Cyril et le policier à l'imperméable 3
Cyril était revenu au château d’un seul coup d’aile, soulagé de ne pas avoir eu à reprendre la voiture grise cahotante du lieutenant. Il attendait l’arrivée de celui-ci sur les marches du perron, l’esprit en ébullition. Ce ne pouvait être que ce jardinier ! Le jeune page avait dû lui voler une orchidée, et avec le caractère emporté dont il faisait preuve, l’homme avait certainement voulu la récupérer et avait frappé dans un accès de colère. Qu’est-ce que le lieutenant attendait pour l’arrêter ?

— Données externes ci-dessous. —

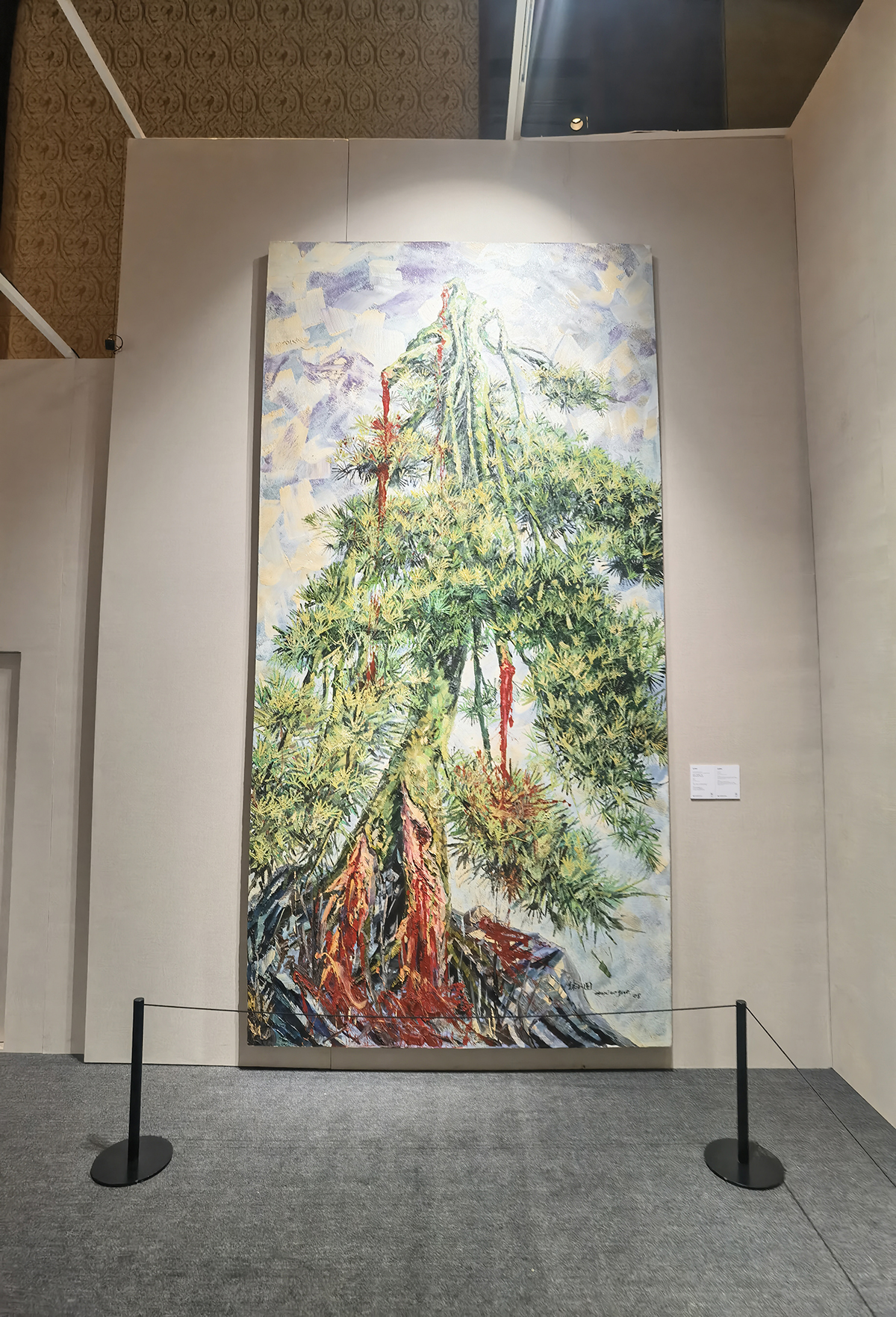 images/art/2022-07-24 2022北京保利春拍/13.jpg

La voiture était maintenant en vue, dans un nuage de fumée, se rapprochant en toussant comme un asthmatique. Le lieutenant se gara devant les marches dans un grand crissement de freins, et sortit, son cigare à demi consumé au coin des lèvres. La portière fut refermée dans un grincement et le policier monta rapidement les marches, adressant un sourire jovial au dragon :
– Ca fait longtemps que tu es là, à m’attendre ?
– Non lieutenant, pas plus de dix minutes. Mais j’ai réfléchi entre temps, le jardinier est sûrement le coupable !
– Ah oui, pourquoi ? fit le lieutenant d’un air intéressé, le regardant la tête un peu penchée de côté.
Cyril, tout à coup ne fut plus aussi sûr. C’était une chose de penser à la culpabilité de quelqu’un, et bien différent de l’exprimer à un vrai policier.
– Vas-y, n’ai pas peur, l’encourageait le lieutenant.
– Et bien, hésita Cyril.
Il connaissait le jeune page, et le garçon voulait une fleur de la serre. Il a dû la lui voler, et le jardinier se sera mis en colère. Vous avez vu comme il est sanguin !
– Oui, fit le lieutenant, pensif.
C’est possible, il avait le tempérament, et l’opportunité.
Mais tu oublies une chose, les dossiers volés, ce n’est pas un crime fait dans un accès de colère.
Allons, il ne faut pas se précipiter, il y a encore deux suspects. Viens montre-moi où je peux les trouver !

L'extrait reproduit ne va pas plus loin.